Данилевский прошаркал к столу, опустился на табурет и перевел дух. Выглядел старик слабым. Тим рванул к нему с проспекта Мира, оборвав встречу, пробежал все эскалаторы, не присел в вагоне и запыхался, шагая по аллейке, подгоняемый тревогой. От нее подташнивало. Тим поднялся на шестой этаж, вдавил кнопку звонка, и пока Данилевский шел открывать, медленно и шумно, успел от души выругать себя — старик же предлагал ключи, столько раз предлагал, надо было брать. Бледный в тревожную серость, Григорий Михайлович долго копался с замком. В полутьме прихожей они коротко пожали друг другу руки, Тим разулся, скинул куртку и сразу пошел заваривать чай, чтобы оттянуть неприятный разговор.
— Подопечный? — рассеянно переспросил он, прикидывая, как бы подвести беседу к врачу и не прописанным толком таблеткам, которые все равно купил в аптеке у метро.
— Ну да, этот, как его?.. Тетерин.
Фамилия пролетела мимо ушей, не отозвавшись. Лимон дал сахарный сок, чаинки медленно дрейфовали, готовые поделиться горчащей сутью, даже чашки, и те, подогретые в теплой воде, выжидающе замерли на медном подносе.
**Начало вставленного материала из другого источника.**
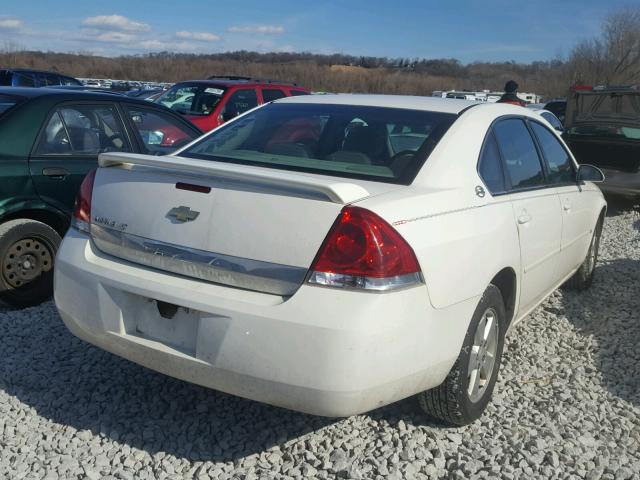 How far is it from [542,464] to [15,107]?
12.7 ft

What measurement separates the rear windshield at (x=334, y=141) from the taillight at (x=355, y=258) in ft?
1.69

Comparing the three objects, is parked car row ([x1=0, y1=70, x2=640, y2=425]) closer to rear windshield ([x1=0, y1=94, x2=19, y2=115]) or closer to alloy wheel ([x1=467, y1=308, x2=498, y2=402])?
alloy wheel ([x1=467, y1=308, x2=498, y2=402])

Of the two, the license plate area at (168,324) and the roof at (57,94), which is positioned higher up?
the roof at (57,94)

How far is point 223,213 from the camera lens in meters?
2.60

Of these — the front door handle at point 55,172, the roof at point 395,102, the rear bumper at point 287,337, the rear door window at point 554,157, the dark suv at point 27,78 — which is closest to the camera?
the rear bumper at point 287,337

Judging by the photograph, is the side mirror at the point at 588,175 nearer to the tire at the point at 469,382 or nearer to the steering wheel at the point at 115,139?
the tire at the point at 469,382

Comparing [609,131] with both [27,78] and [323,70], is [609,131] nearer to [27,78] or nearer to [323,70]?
[27,78]

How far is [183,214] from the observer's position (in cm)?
268

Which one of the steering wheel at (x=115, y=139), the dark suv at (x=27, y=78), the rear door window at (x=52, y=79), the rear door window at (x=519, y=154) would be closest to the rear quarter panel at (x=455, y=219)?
the rear door window at (x=519, y=154)

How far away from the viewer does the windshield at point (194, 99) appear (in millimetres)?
10195

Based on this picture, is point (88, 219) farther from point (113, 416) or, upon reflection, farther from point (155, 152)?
point (155, 152)

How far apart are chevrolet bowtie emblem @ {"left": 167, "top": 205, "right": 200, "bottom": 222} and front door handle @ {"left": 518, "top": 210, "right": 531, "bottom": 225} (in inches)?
66.4

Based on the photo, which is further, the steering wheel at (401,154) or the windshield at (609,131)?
the windshield at (609,131)

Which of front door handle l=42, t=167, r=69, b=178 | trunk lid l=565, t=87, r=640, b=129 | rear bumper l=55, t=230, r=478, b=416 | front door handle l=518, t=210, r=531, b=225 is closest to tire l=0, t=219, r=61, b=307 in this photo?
front door handle l=42, t=167, r=69, b=178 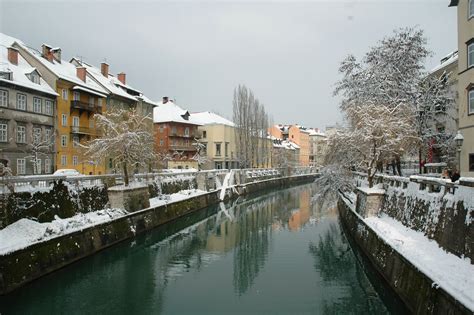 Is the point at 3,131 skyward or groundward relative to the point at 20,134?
skyward

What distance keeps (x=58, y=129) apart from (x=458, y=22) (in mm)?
31945

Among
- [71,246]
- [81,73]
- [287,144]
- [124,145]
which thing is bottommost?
[71,246]

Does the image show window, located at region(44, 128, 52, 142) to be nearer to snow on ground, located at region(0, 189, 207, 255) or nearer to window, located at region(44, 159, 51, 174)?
window, located at region(44, 159, 51, 174)

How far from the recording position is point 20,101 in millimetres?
29500

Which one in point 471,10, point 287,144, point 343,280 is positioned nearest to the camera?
point 343,280

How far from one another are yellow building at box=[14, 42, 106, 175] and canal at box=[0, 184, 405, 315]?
57.0 feet

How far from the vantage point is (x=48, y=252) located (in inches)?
508

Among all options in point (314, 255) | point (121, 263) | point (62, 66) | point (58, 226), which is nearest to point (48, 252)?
point (58, 226)

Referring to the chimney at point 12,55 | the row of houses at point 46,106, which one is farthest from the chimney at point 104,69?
the chimney at point 12,55

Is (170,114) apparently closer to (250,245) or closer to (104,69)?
(104,69)

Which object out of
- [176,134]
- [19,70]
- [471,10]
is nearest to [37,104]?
[19,70]

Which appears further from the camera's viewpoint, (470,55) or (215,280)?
(470,55)

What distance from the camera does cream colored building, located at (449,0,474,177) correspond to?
18.8 metres

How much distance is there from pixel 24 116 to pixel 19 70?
14.0ft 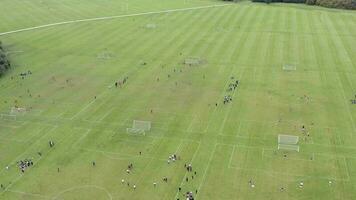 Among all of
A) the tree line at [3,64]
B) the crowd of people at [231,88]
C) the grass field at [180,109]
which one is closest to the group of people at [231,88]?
the crowd of people at [231,88]

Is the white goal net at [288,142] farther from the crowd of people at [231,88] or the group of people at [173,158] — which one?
the crowd of people at [231,88]

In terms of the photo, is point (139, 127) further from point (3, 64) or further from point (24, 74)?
point (3, 64)

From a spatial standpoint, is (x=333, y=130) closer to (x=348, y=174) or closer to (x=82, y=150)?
(x=348, y=174)

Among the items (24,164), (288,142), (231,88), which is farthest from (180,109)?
(24,164)

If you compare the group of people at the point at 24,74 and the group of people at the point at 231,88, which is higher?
the group of people at the point at 231,88

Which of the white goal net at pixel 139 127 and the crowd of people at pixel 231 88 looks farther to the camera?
the crowd of people at pixel 231 88

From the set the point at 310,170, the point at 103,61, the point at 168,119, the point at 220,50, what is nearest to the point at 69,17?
the point at 103,61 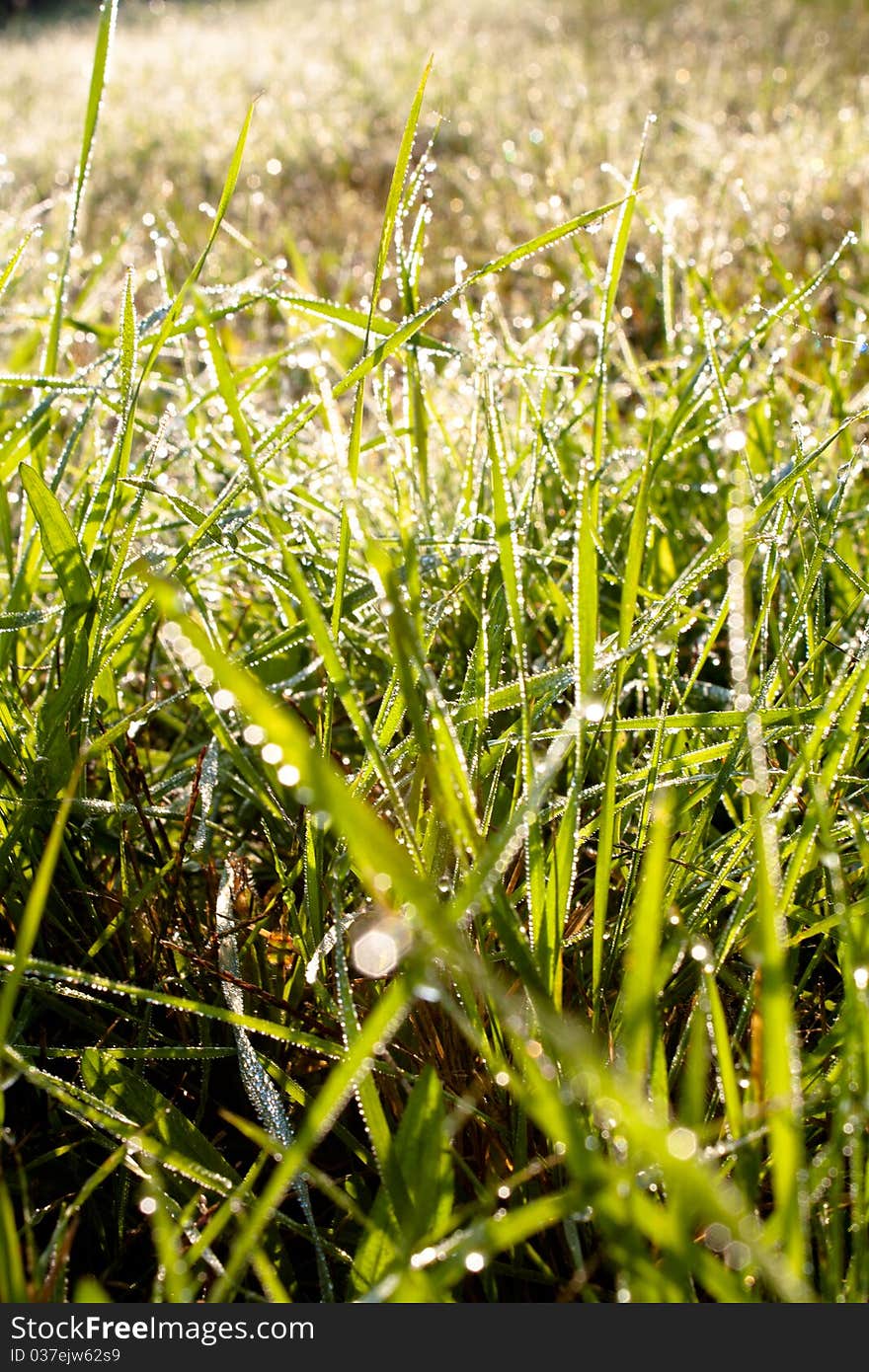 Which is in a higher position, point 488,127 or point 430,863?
point 488,127

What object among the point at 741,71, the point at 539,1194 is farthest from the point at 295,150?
the point at 539,1194

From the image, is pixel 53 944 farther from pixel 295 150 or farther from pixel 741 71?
pixel 741 71

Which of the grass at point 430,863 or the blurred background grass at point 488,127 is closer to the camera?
the grass at point 430,863

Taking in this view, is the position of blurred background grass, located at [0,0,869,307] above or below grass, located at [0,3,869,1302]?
above

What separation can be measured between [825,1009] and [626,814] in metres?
0.19

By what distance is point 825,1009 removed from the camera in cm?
72

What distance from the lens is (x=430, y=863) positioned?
0.69m

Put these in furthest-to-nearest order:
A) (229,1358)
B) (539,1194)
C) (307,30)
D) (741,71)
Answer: (307,30) < (741,71) < (539,1194) < (229,1358)

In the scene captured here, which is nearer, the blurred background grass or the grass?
the grass

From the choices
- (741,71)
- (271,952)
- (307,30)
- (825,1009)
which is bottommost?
(825,1009)

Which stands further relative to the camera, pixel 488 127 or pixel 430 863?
pixel 488 127

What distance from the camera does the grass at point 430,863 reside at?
0.46 metres

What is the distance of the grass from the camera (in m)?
0.46

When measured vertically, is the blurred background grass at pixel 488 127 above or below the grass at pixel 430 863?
above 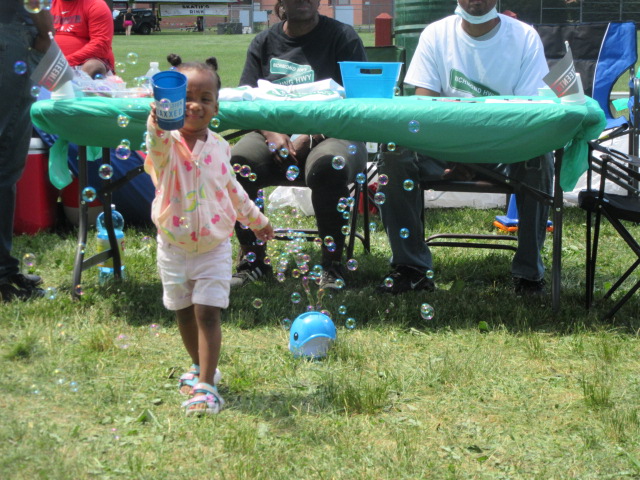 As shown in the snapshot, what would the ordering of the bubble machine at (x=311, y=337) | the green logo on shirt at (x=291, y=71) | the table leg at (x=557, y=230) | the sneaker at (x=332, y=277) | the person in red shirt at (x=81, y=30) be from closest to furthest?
the bubble machine at (x=311, y=337)
the table leg at (x=557, y=230)
the sneaker at (x=332, y=277)
the green logo on shirt at (x=291, y=71)
the person in red shirt at (x=81, y=30)

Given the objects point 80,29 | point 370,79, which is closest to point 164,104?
point 370,79

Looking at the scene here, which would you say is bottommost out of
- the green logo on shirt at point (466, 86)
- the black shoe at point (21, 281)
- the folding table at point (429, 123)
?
the black shoe at point (21, 281)

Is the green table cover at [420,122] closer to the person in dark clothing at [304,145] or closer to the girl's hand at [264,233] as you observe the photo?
the person in dark clothing at [304,145]

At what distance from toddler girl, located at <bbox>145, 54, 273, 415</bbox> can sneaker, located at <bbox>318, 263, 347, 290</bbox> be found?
4.49 ft

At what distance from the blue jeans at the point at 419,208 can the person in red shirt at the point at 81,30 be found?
2789mm

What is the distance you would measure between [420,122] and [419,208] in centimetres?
80

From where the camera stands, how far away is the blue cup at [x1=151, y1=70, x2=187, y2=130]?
8.07 feet

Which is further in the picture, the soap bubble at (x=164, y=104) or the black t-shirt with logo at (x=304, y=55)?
the black t-shirt with logo at (x=304, y=55)

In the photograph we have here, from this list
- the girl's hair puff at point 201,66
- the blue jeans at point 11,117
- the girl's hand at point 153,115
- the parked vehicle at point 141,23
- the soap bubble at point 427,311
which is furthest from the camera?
the parked vehicle at point 141,23

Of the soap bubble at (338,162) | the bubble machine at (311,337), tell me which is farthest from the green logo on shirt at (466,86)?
the bubble machine at (311,337)

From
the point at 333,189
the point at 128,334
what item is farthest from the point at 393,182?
the point at 128,334

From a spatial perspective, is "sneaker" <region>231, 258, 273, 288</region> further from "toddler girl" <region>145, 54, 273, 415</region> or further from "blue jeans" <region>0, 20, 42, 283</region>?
"toddler girl" <region>145, 54, 273, 415</region>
— Готово. — Тим осторожно развернулся, чаинки закружились в легкой спирали. — Пойдемте?
— А может, здесь попьем?
Данилевский смотрел жалобно, как нашкодивший. Худые ноги в домашних флисовых брюках он безжизненно вытянул, а сам уперся локтями о стол и сгорбился, даже голову опустил. Нежная кожица затылка проглядывала сквозь седую пелерину волос. У Тима перехватило горло. Они никогда не пили чай на кухне. Кухня — место приготовления пищи, место ее принятия — в гостиной. Данилевский учил этому с легким удивлением, будто азбуке. Непреложные правила его жизни. Поднос опустился на кухонный столик с легким шлепком. Чай вышел из фарфоровых берегов, Тим промокнул его салфеткой, присел на краешек табурета, приподнял и поставил перед Данилевским чашку, придвинул поближе блюдце с лимоном.
Старик осторожно подул, наклонился, чтобы мелко дрожащая рука не пролила ни капли янтарного варева, и сделал первый глоток. Тим успел заметить, как нервно дернулся под морщинистой кожей острый кадык, отвел глаза. Молчание затягивалось. Нужно было найти тему. Заполнить тишину чем-то, что заглушит тяжелое старческое дыхание, всхлипывающие глотки и покашливание в перерывах между ними. Тим сжал пальцы под столом. Собраться. Срочно. Запах лимона бил в нос. Прямо как странный кумкват на дневной встрече. Расхлябанный образ Шифмана всплыл перед глазами. Тим схватился за него с радостью утопающего.
— Встречался сегодня с Шифманом, — начал он.
Данилевский оторвался от чая, глянул непонимающе.
— Тетерин который. Псевдоним у него — Шифман.
— Подопечный твой. Понял-понял. И как он? Запомнился?